[llvm-branch-commits] [llvm] [LoongArch] Use xvperm.w for cross-lane access within a single vector (PR #151634)
via llvm-branch-commits
llvm-branch-commits at lists.llvm.org
Sat Aug 9 04:13:38 PDT 2025
https://github.com/zhaoqi5 updated https://github.com/llvm/llvm-project/pull/151634
>From f759464ee797830c998d66d1076d98933336c5a1 Mon Sep 17 00:00:00 2001
From: Qi Zhao <zhaoqi01 at loongson.cn>
Date: Fri, 1 Aug 2025 11:30:19 +0800
Subject: [PATCH 1/2] [LoongArch] Use xvperm.w for cross-lane access within a
single vector
---
.../LoongArch/LoongArchISelLowering.cpp | 44 +++++++++++++++++++
.../lasx/shuffle-as-permute-and-shuffle.ll | 18 ++------
2 files changed, 48 insertions(+), 14 deletions(-)

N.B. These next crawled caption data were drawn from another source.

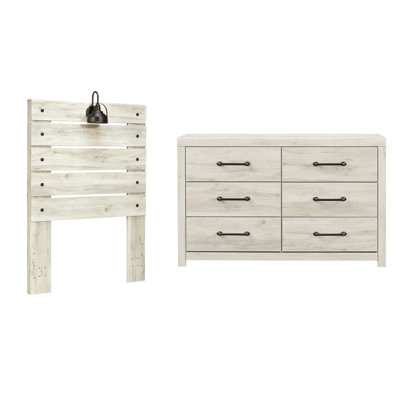 Ensemble de commode 2 pièces Kalayiah
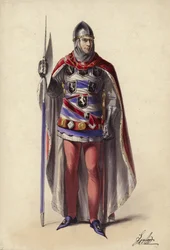Porträt von König Edward II. von England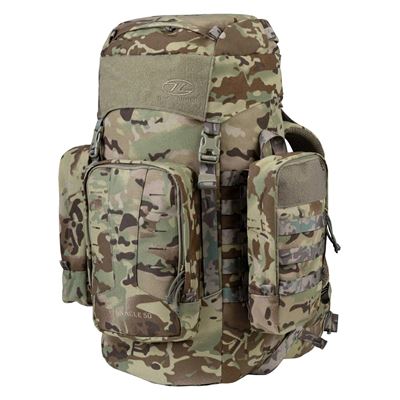 Plecak PINNACLE 50 litrów HMTC HIGHLANDER RUC302-HC 3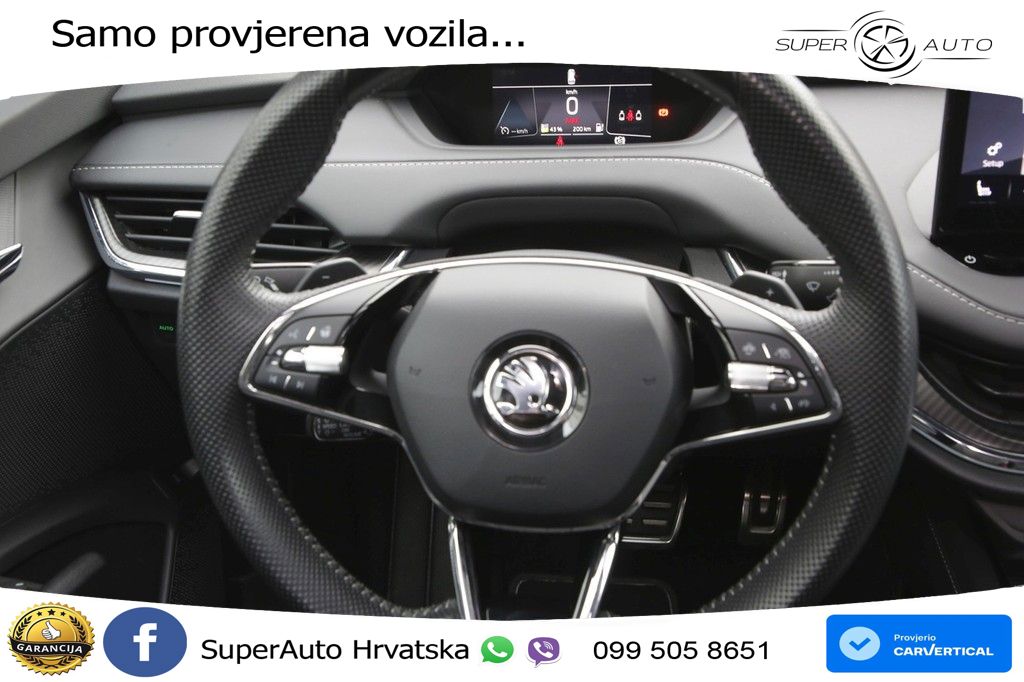 Škoda Enyaq iV 80 82 kWh (204 KS) SportLine
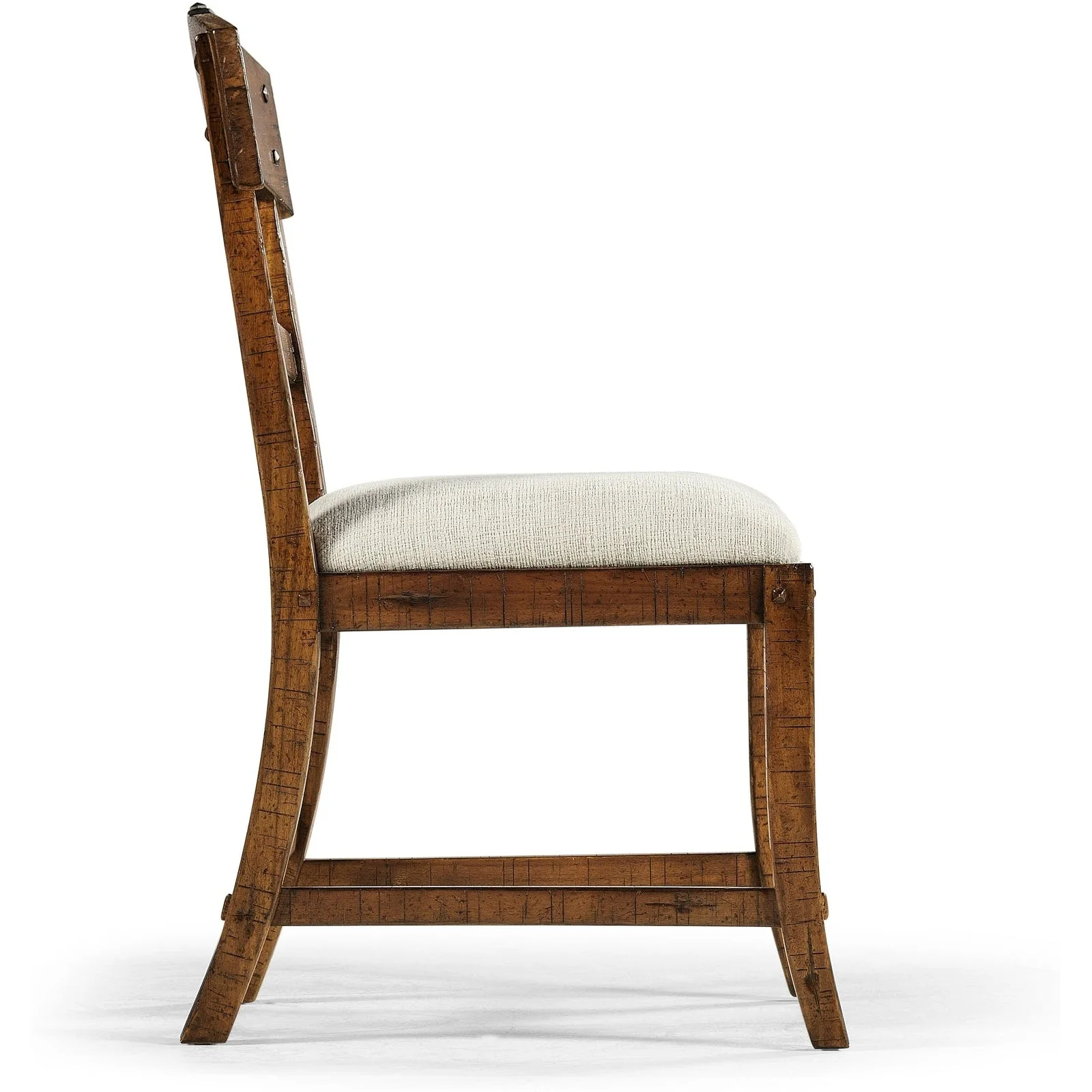 Jonathan Charles Casual Accents Planked Dining Side Chair (491076) - Set of 2 - Image 10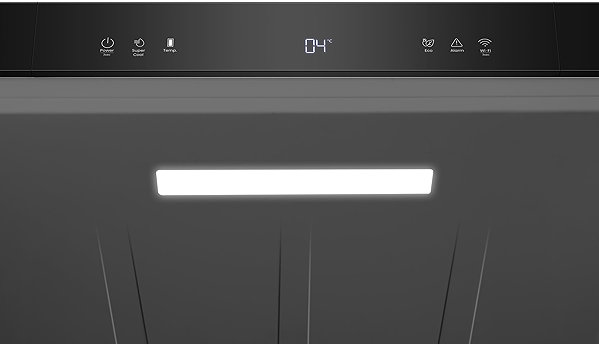 Refrigerator HISENSE RL5K370GSFD .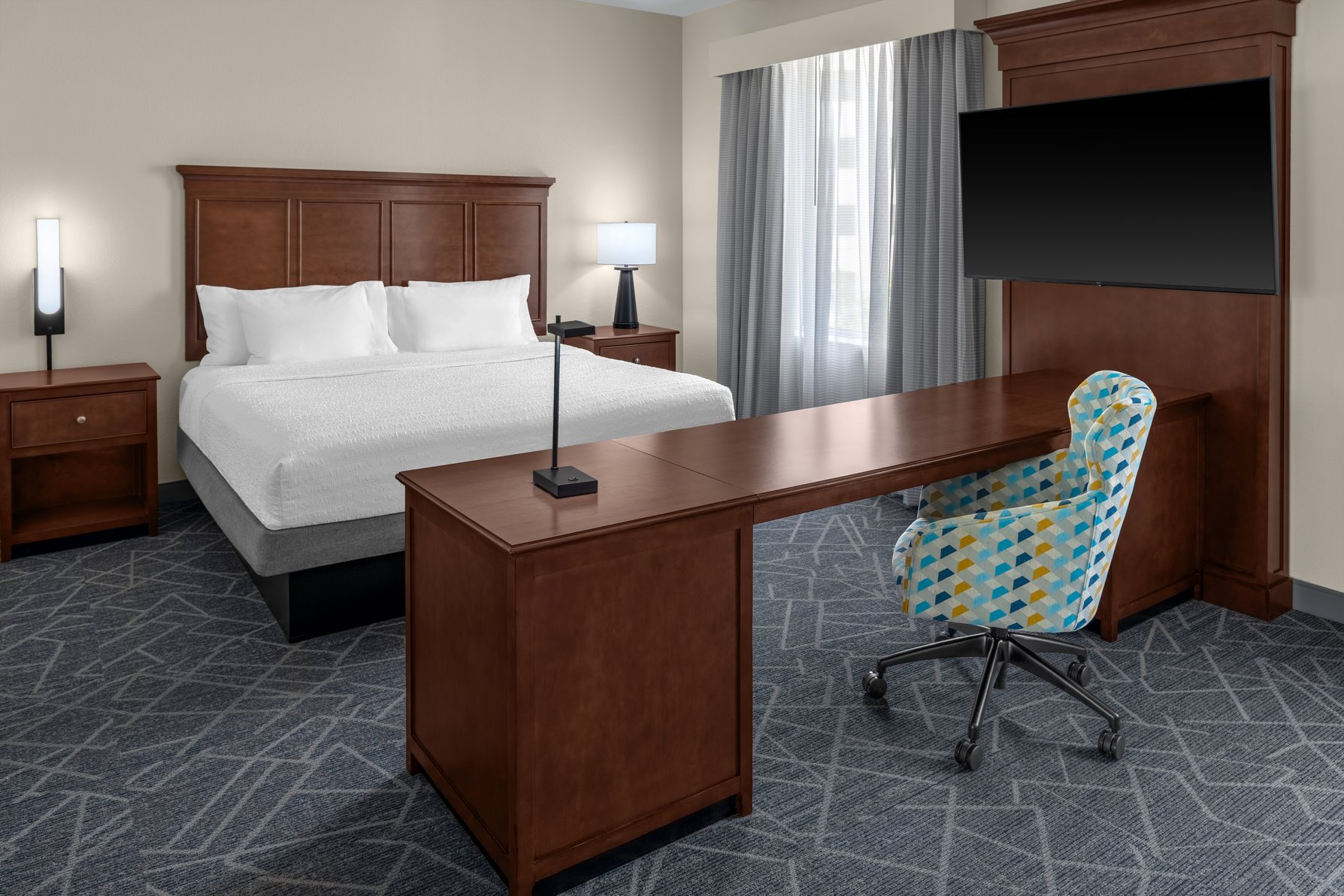 Hampton Inn & Suites - Coconut Creek, FL Room Type - 1KN HEARING ACC STUDIO NS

diff --git a/llvm/lib/Target/LoongArch/LoongArchISelLowering.cpp b/llvm/lib/Target/LoongArch/LoongArchISelLowering.cpp
index 597650c8229a7..6aa848ca7bd07 100644
--- a/llvm/lib/Target/LoongArch/LoongArchISelLowering.cpp
+++ b/llvm/lib/Target/LoongArch/LoongArchISelLowering.cpp
@@ -1832,6 +1832,48 @@ static SDValue lowerVECTOR_SHUFFLE_XVSHUF4I(const SDLoc &DL, ArrayRef<int> Mask,
return lowerVECTOR_SHUFFLE_VSHUF4I(DL, Mask, VT, V1, V2, DAG);
}
+/// Lower VECTOR_SHUFFLE into XVPERM (if possible).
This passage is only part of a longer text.